Extrait d'une communication faite à l'Académie Florimontane «
Rodolphe Töpffer, un humoriste bienveillant. » le passage suivant concerne la nouvelle « Le col d'Anterne ».
« Dans une lettre à
Sainte-Beuve, le Genevois
Rodolphe Töpffer (1799-1846) se présente comme un maître d'école qui a écrit, et non comme un écrivain qui accessoirement écrirait.
Directeur d'une pension, il emmène chaque année des élèves en voyage de découverte, à travers la Suisse, la France, l'Italie, la Savoie (qui fait alors partie du royaume Piémont-Sardaigne).
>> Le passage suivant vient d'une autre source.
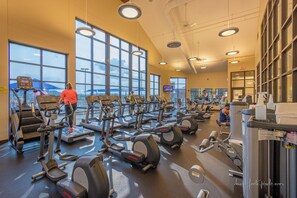 Fitness facility - New Listing: 2 Bedroom +Loft, 2 bath townhouse in The Galena Territory (Galena)
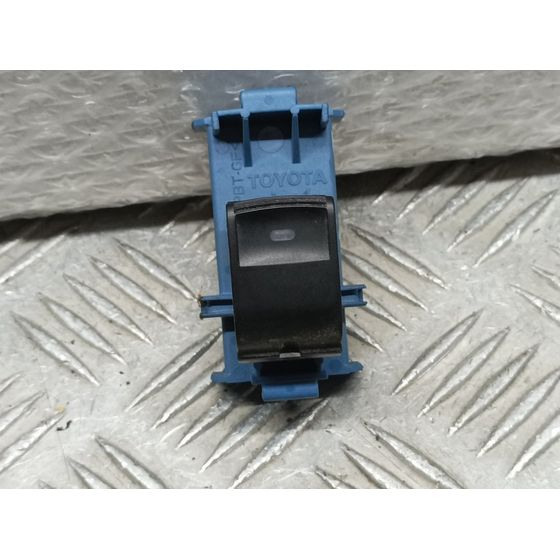 Mando Elevalunas Trasero Izquierdo Para Toyota Avensis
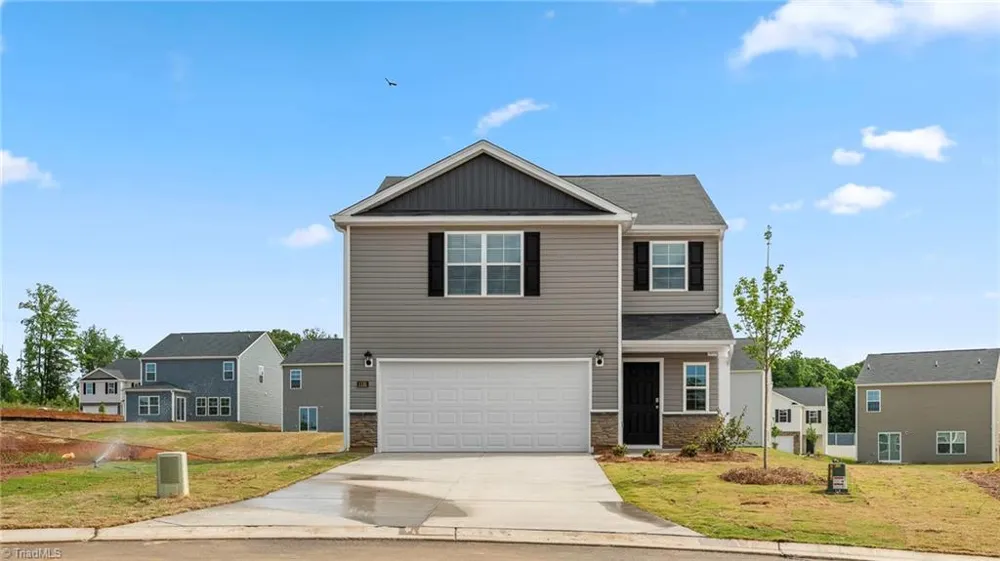 633 Beechwood Circle Thomasville, NC 27360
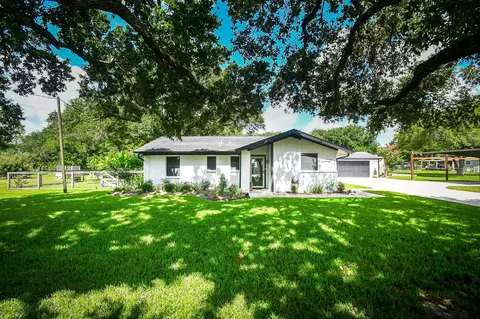 16902 Berry Rd, Pearland, TX 77584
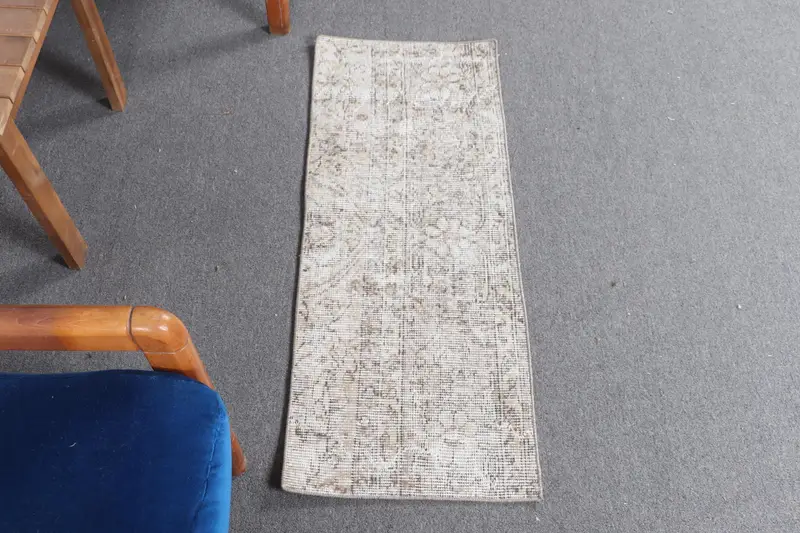 Beige & Brown Striped Rug, 1,3x3,3 ft Chic Decor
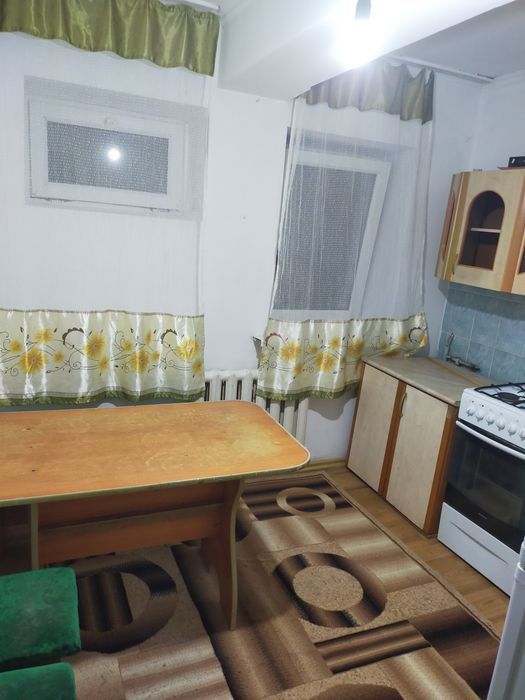 Сдам 2х ком кв в центре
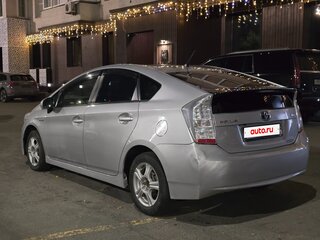 2009 Toyota Prius III (XW30), серый, 850000 рублей, вид 5
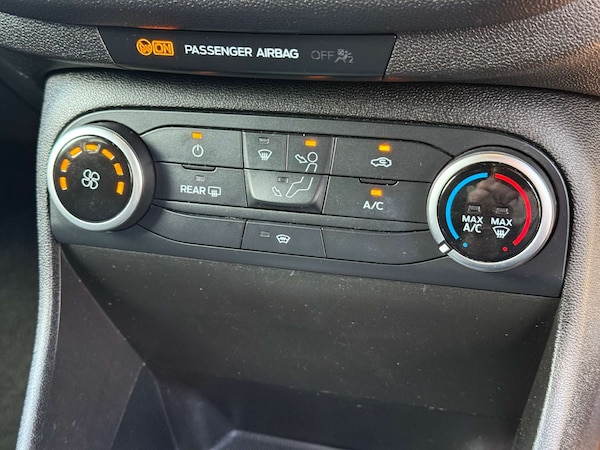 Used Ford Fiesta 2018 for sale - 74794848: Photo 57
En juin 1830 , le voyage scolaire conduit Töpffer et ses pensionnaires, de Servoz à Sixt (villages de l'actuelle Haute-Savoie), en franchissant le col d'Anterne (2200m). Pris dans une tourmente, vers le sommet, le groupe ne doit son salut qu'au sang-froid du guide Félisaz, à sa parfaite connaissance de la montagne.
Dans la nouvelle, même itinéraire, même guide Félizaz , et une tempête surviendra, mais le narrateur est un célibataire qui voyage seul. A l'auberge de Servoz, son point de départ, il croise un Anglais, qui dit-il «est très distingué, car il ne me rendit point le salut que je lui adressais en passant. C'est chez les Anglais bien élevés un signe de bon ton, d'usage du monde.»
L'Anglais a retenu le seul guide disponible, Felisaz, un chasseur de chamois.
Töpffer engage la conversation et essaie de négocier avec l'Anglais:
«Y aurait-il de l'indiscrétion, monsieur, dans le cas où je ne pourrais me procurer un guide, à vous demander la permission de m'associer à vous, en payant le vôtre de moitié?»
«Uï, il y avé de l'indiscréchon.»
Töpffer n'insiste pas.
Le soir au souper, il constate que l'Anglais n'est pas seul, il est accompagné de sa fille, «belle, éblouissante de fraîcheur, et ses manières présentaient ce mélange de grâce et de raideur qu'on retrouve souvent chez les jeunes anglaises.» Bref, Töpffer tombe amoureux. »
L'Anglais se montre odieux avec le guide qu'il traite de «stupid», de fourbe car le guide veut partir tôt, le lendemain (il craint un changement de temps), alors que l' Anglais veut attendre que le ciel se dégage.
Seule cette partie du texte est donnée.